12. The method of claim 11 wherein the back office communicates with the vehicle through a transmitter and receiver located in the vehicle.

13. The method of claim 11 wherein the vehicle includes an electronic control unit (ECU) that communicates with the transmitter and receiver, the ECU processing the query from the back office and sending the query to the user interface which displays the query to the customer.

14. The method of claim 13 wherein the ECU processes the information with a software algorithm stored in a non-transitory computer readable mechanism associated with the ECU.

15. The method of claim 11 further comprising sending a negative response to the back office.

16. The method of claim 15 further comprising continually monitoring the on and off data at the back office to determine a subsequent optimum time for a subsequent reminder message.

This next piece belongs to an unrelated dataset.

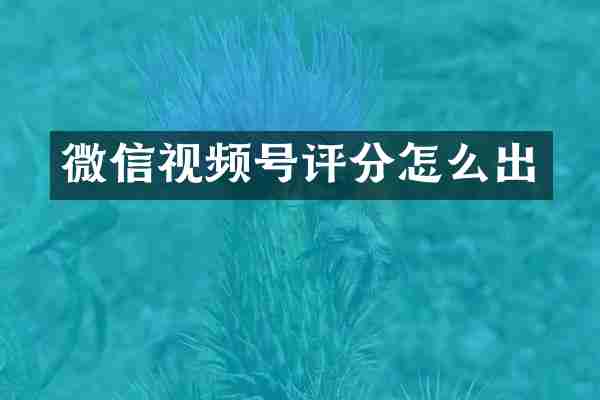 微信视频号评分怎么出
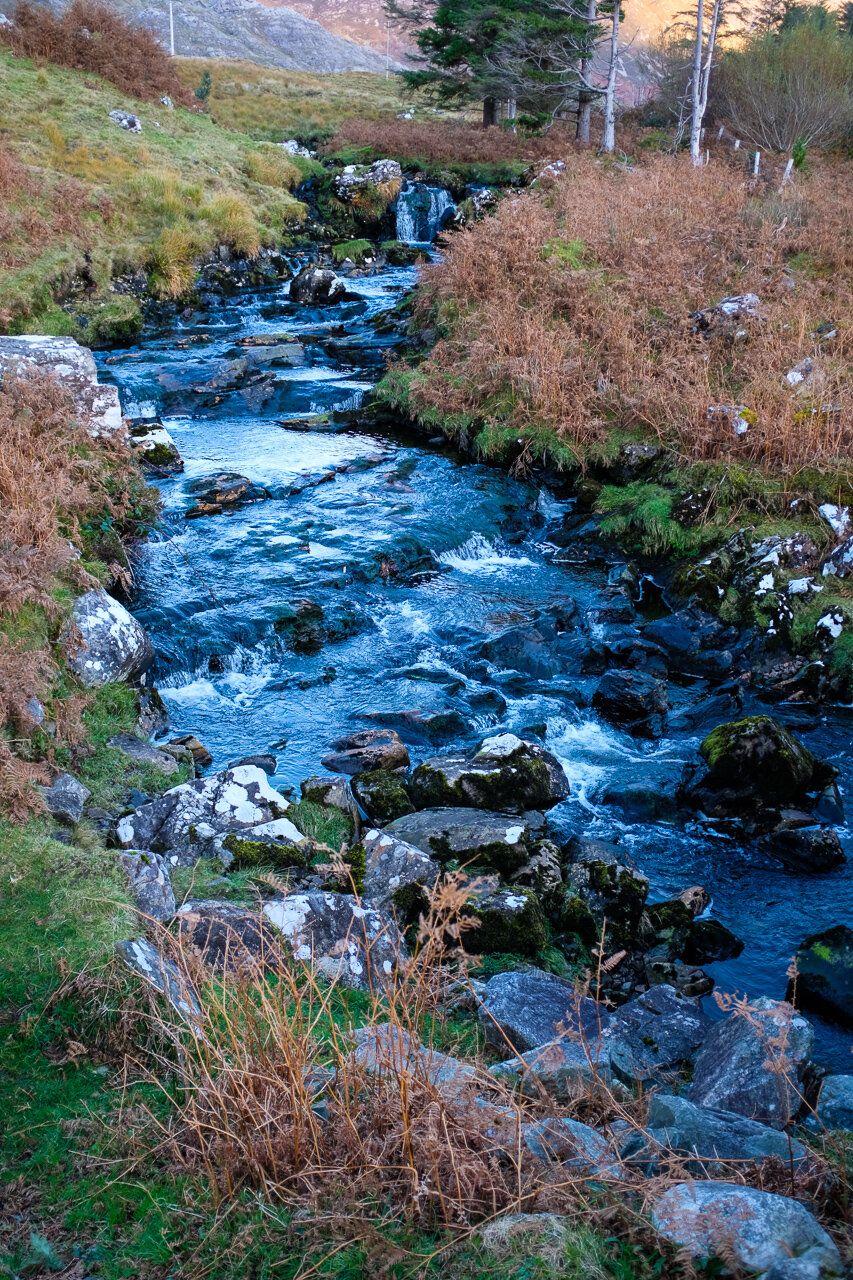 DSCF0457.jpg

17. A system for over the air updates in a vehicle, the system comprising:

a transmitter and receiver that transmits on and off data about the vehicle to a back office to determine when a customer resides in the vehicle for a reminder message based on the on and off data; and

a user interface that displays the reminder message to the customer to query the customer at the time when the customer resides in the vehicle if a module associated with the vehicle should be updated, so that any update requires approval from the customer.

18. The system of claim 17 wherein the customer sends a positive response through the user interface to the back office, the back office sending to the vehicle software updates for the module.

19. The system of claim 17 wherein the customer sends a negative response through the user interface to the back office, the back office continually monitoring the on and off data to determine a subsequent optimum time for a subsequent reminder message.